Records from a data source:
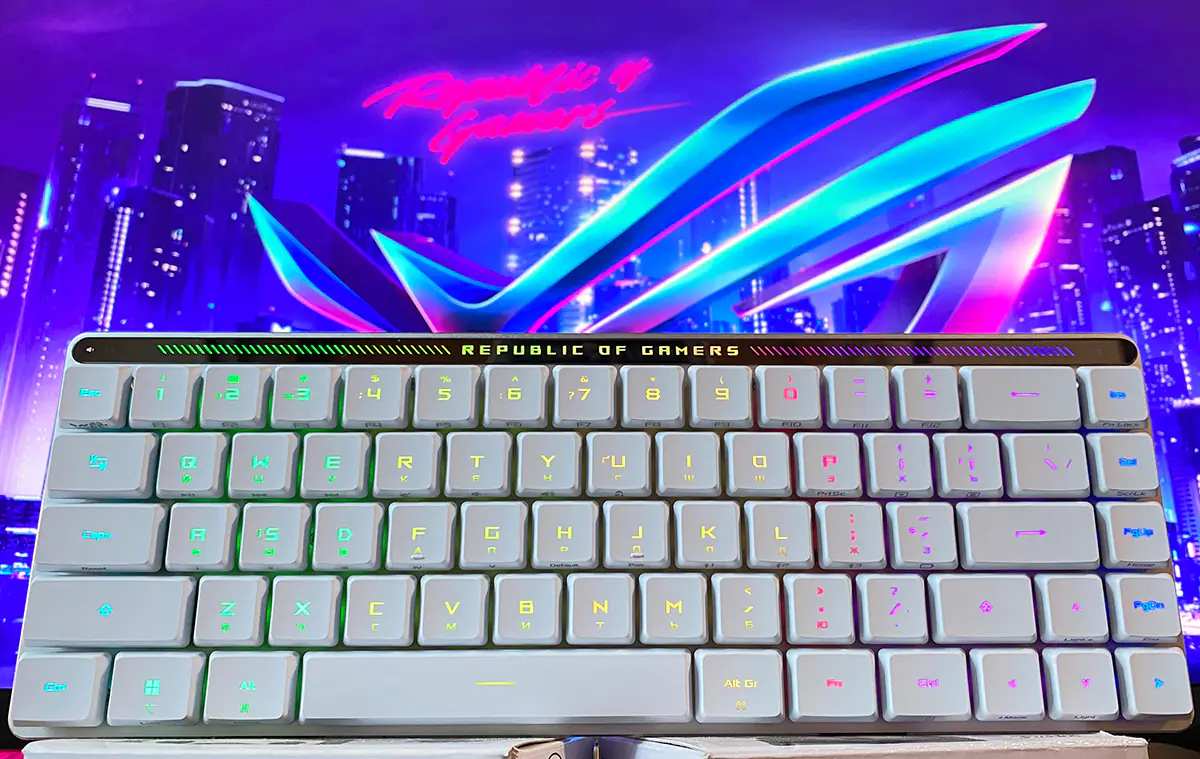 ASUS ROG Falchion RX Low Profile Review - Root-Nation.com ASUS ROG Falchion RX Low Profile Review - Root-Nation.com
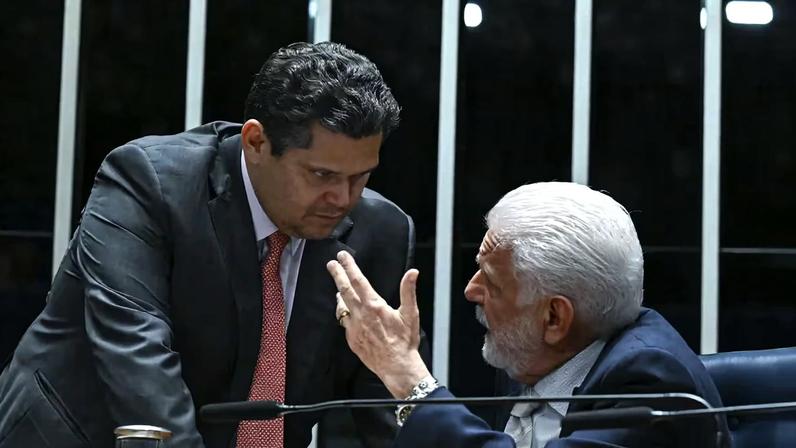 Líder do governo Lula, Jaques Wagner (PT) evita adjetivar derrota de Lula no Congresso, liderado por Alcolumbre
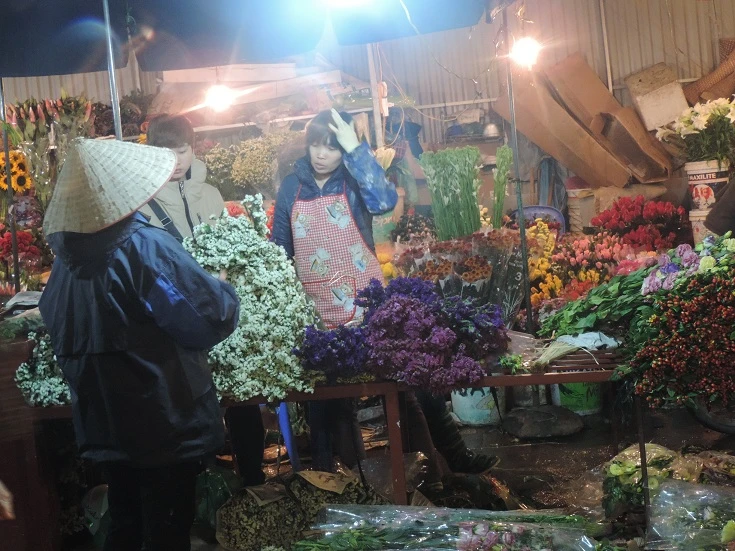 Chợ hoa Quảng Bá tấp nập trước ngày 8/3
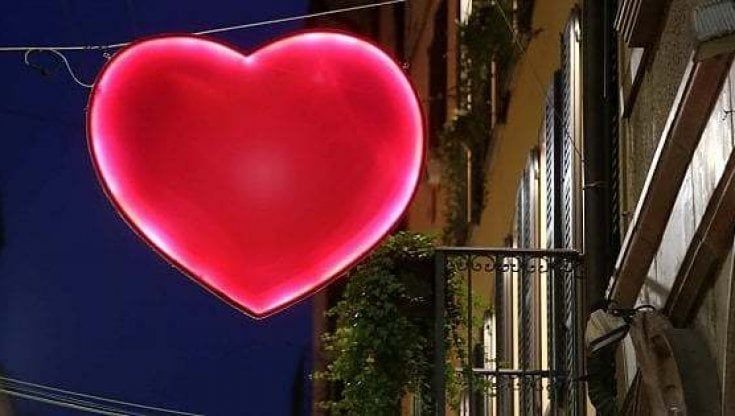 San Valentino, a Pontecagnano il sindaco ritorna baby sitter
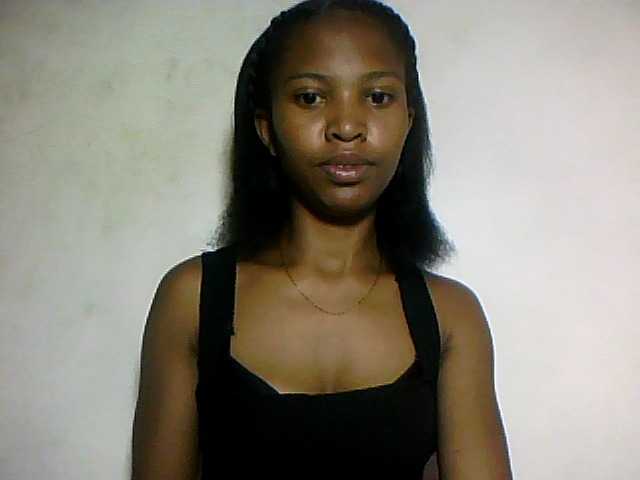 Nathiii live cam on BongaCams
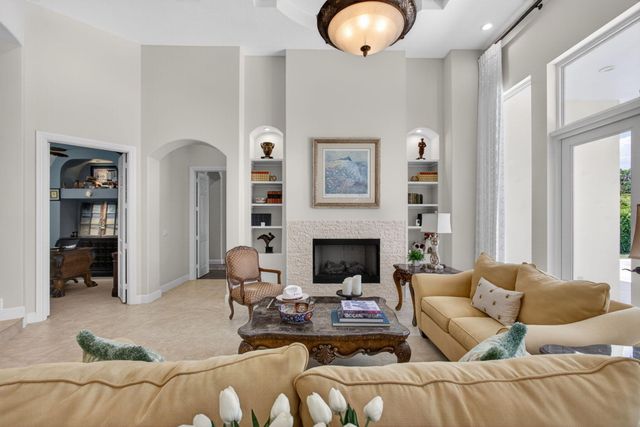 4131 Venetia Way, Palm Beach Gardens, FL 33418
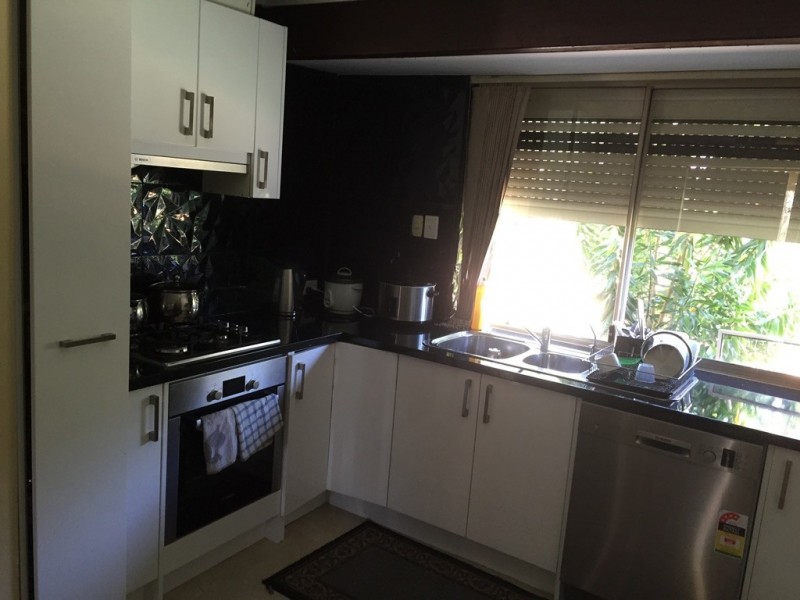 2 FERRIS GREEN, Parmelia WA 6167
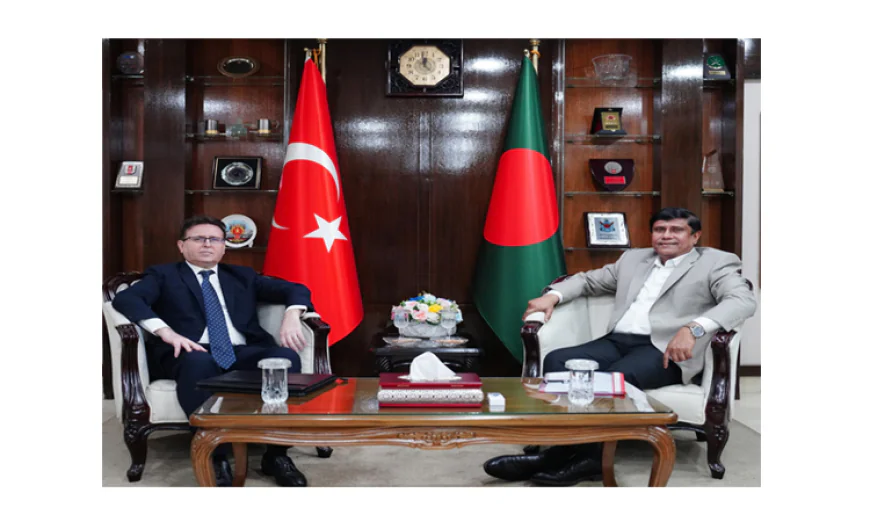 Turkish envoy meets PM's defence adviser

▸ YOUR GOAL:
Because the pictures are not wanted, retype every record exactly without them.

▸ FINISHED EXERCISE:
 ASUS ROG Falchion RX Low Profile Review - Root-Nation.com ASUS ROG Falchion RX Low Profile Review - Root-Nation.com
 Líder do governo Lula, Jaques Wagner (PT) evita adjetivar derrota de Lula no Congresso, liderado por Alcolumbre
 Chợ hoa Quảng Bá tấp nập trước ngày 8/3
 San Valentino, a Pontecagnano il sindaco ritorna baby sitter
 Nathiii live cam on BongaCams
 4131 Venetia Way, Palm Beach Gardens, FL 33418
 2 FERRIS GREEN, Parmelia WA 6167
 Turkish envoy meets PM's defence adviser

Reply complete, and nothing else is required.